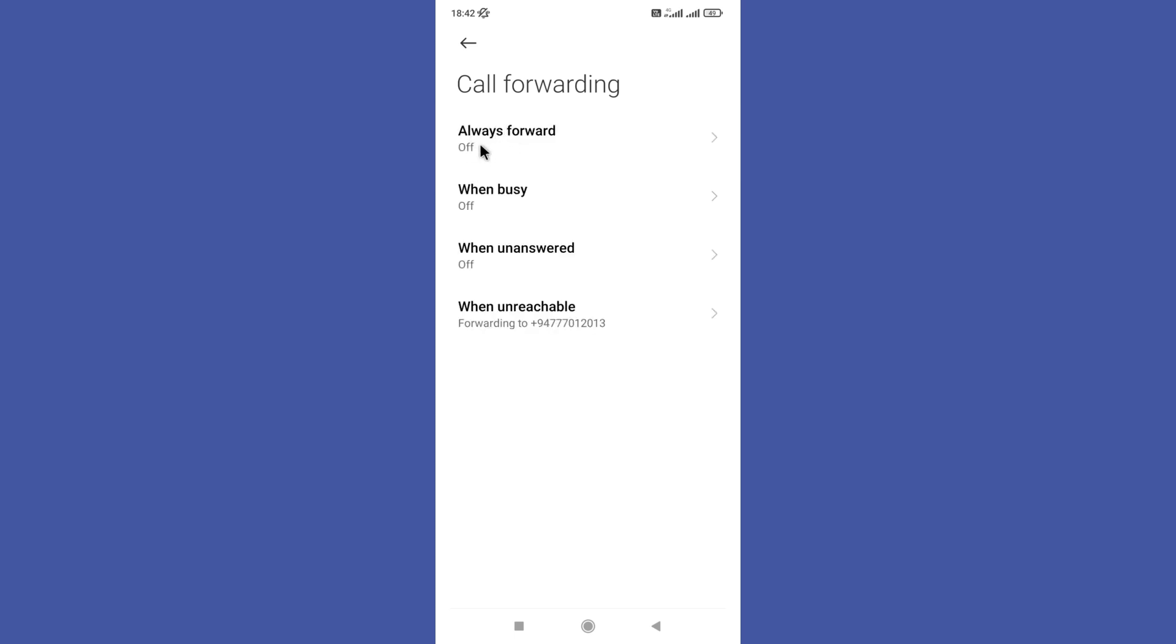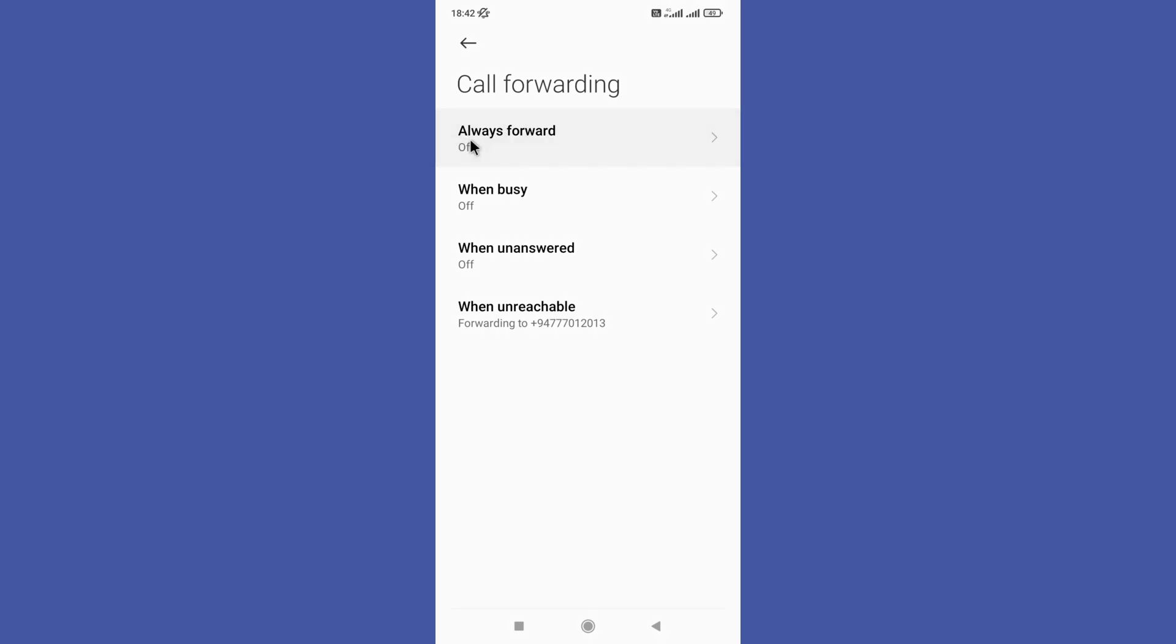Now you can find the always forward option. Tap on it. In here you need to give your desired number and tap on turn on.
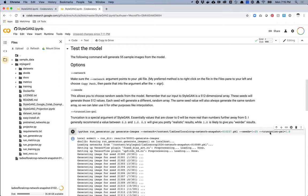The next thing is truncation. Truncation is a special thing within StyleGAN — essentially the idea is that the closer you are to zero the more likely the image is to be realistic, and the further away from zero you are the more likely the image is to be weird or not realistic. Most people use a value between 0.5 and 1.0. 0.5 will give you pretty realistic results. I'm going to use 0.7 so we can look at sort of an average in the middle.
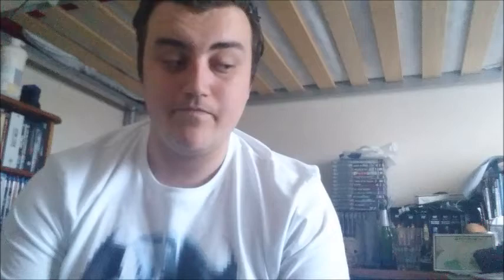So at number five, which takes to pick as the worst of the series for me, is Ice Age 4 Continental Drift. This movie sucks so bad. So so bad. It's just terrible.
==
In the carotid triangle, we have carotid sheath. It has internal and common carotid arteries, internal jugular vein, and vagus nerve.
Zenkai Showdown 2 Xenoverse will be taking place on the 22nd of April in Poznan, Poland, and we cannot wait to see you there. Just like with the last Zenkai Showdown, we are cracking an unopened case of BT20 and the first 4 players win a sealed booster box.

- **Exercise objective**
Using the entries above, repeat exactly the lines from the one with "Now you can" to the one with "The next thing", both included, and leave the pictures behind.

- **The completed task**
Now you can find the always forward option. Tap on it. In here you need to give your desired number and tap on turn on.
The next thing is truncation. Truncation is a special thing within StyleGAN — essentially the idea is that the closer you are to zero the more likely the image is to be realistic, and the further away from zero you are the more likely the image is to be weird or not realistic. Most people use a value between 0.5 and 1.0. 0.5 will give you pretty realistic results. I'm going to use 0.7 so we can look at sort of an average in the middle.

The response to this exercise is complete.